Sri Lanka opposition leader Sarath Fonseka at Colombo rally
Leading Sri Lankan opposition figure Sarath Fonseka has held his first big political gathering since serving two years in jail after losing a presidential election.
The former general called for major political reforms.
But the BBC's Charles Haviland in Colombo says that disunity among the opposition meant the turnout was low.
Mr Fonseka unsuccessfully stood against President Mahinda Rajapaksa in a presidential election two years ago.
But he lost after a vitriolic campaign and was imprisoned shortly afterwards.
Mr Fonseka's lawyer said in May that the terms of his release prevented him from running for office for seven years.
But that has not stopped the former general - credited with playing a leading role in defeating Tamil Tiger rebels in the country's civil war that ended in 2009 - from re-entering politics.

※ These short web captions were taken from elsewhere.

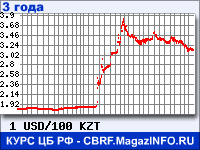 Курс Доллара США к Казахскому тенге за 36 месяцев - график для прогноза курсов валют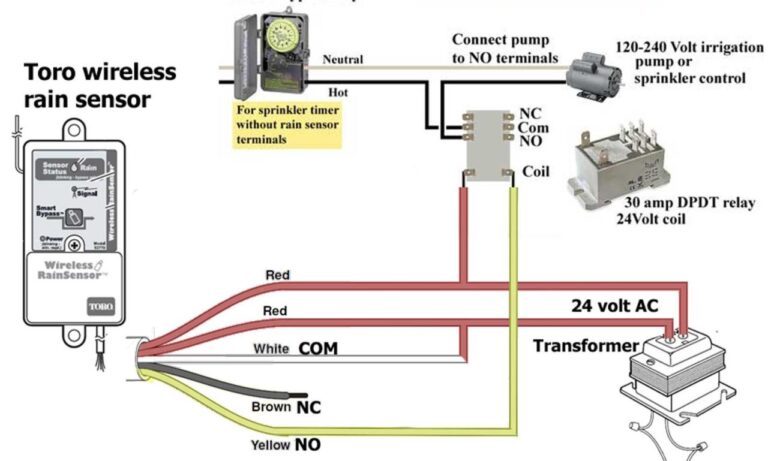 Pool Pump Wiring Diagram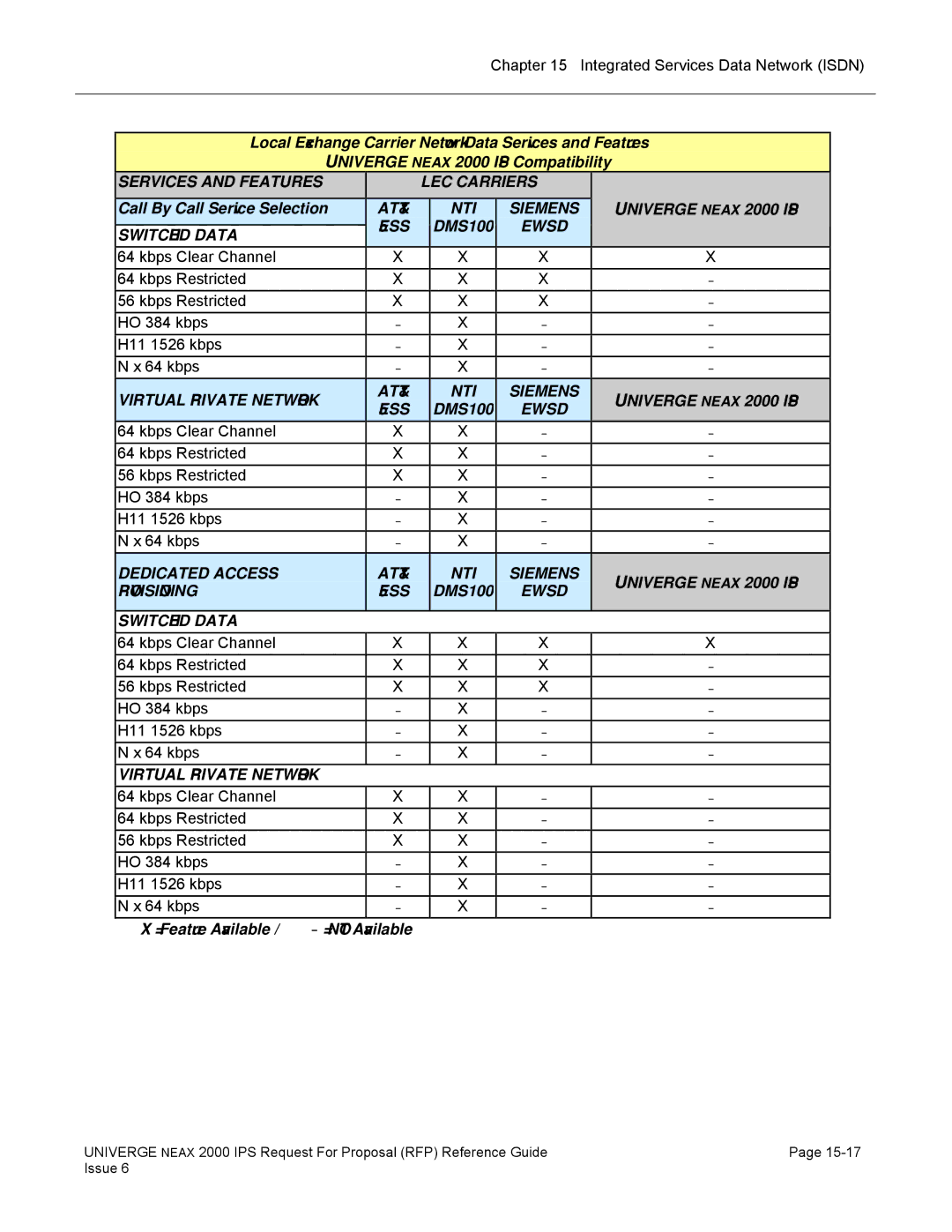 NEC 2000 IPS manual Call By Call Service Selection, AT&T NTI Siemens 5ESS, Ewsd Switched Data 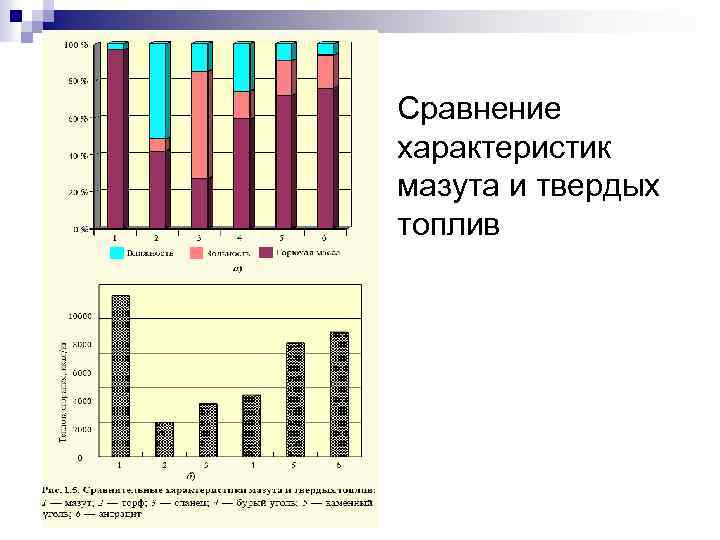 Сравнение характеристик мазута и твердых топлив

He and his supporters have pledged to fight constitutional changes which have made President Rajapaksa one of the world's most powerful presidents.
They also strongly criticised what they said was the breakdown of the rule of law and the undermining of democracy in Sri Lanka.

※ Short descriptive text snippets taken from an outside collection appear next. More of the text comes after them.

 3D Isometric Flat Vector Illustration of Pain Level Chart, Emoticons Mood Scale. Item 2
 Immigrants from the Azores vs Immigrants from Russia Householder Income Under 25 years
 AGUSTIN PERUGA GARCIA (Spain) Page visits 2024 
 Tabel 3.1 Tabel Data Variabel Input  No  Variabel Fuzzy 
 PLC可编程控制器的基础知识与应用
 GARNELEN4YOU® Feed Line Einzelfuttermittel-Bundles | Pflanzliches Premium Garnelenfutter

Our correspondent says that although nearly 1,000 people including many Buddhist monks attended the rally and stayed despite a heavy downpour, the turnout was much lower than Mr Fonseka would have wished.
The former general is at loggerheads with Ranil Wickremesinghe, the leader of the main opposition party, who ordered his colleagues not to attend the rally.

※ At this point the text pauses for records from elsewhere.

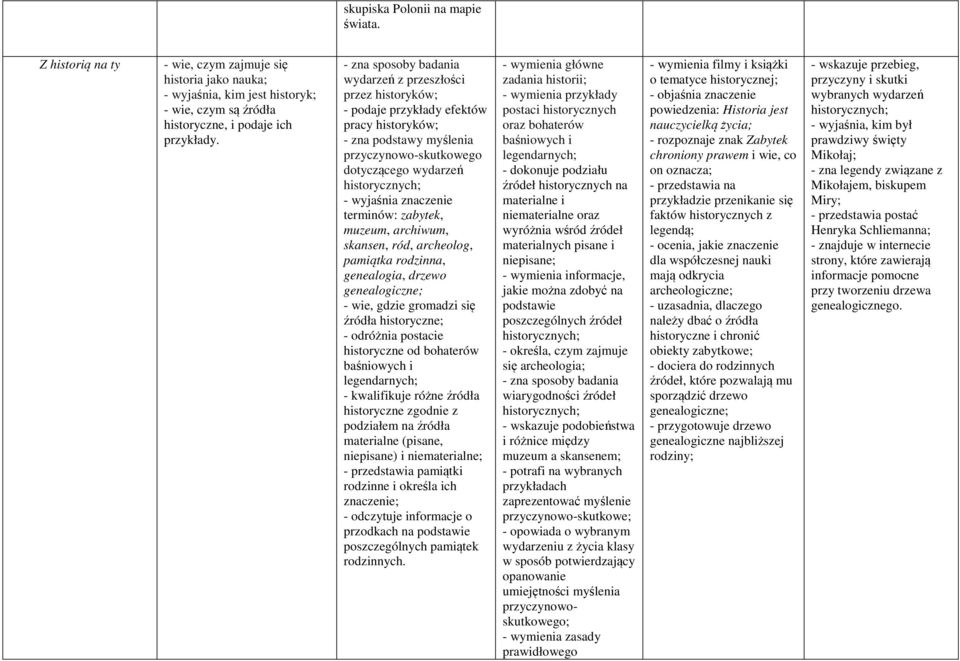 muzeum, archiwum, skansen, ród, archeolog, pamiątka rodzinna, genealogia, drzewo genealogiczne; - wie, gdzie gromadzi się źródła historyczne; - odróżnia postacie historyczne od bohaterów baśniowych i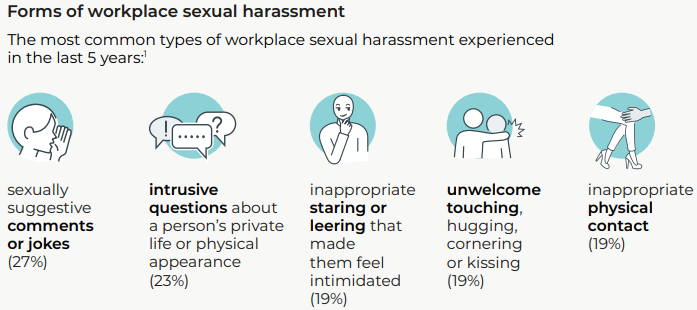 A graph detailing the various forms of workplace sexual harassment and how common they've been over the past five years.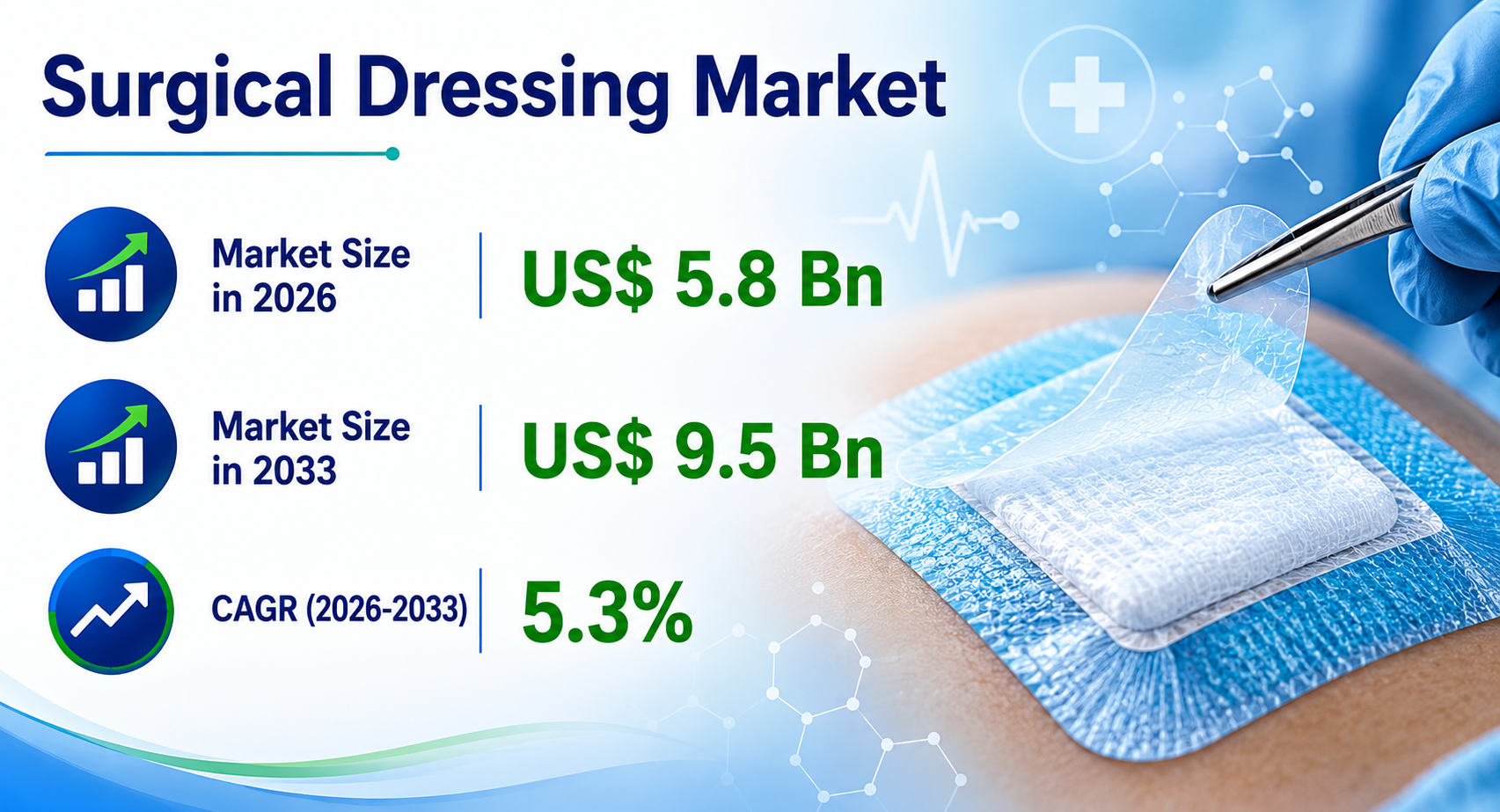 Surgical Dressing Market Analysis and Future Business Potential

Many of those who did go to it were strongly critical of Mr Wickremasinghe's move, accusing him of creating divisions and sectarianism within the opposition.
But it appears that the president has shrewdly succeeded in using the release of his great rival to fragment the opposition, our correspondent says, and the president - still popular with the Sinhalese majority - seems more powerful than ever.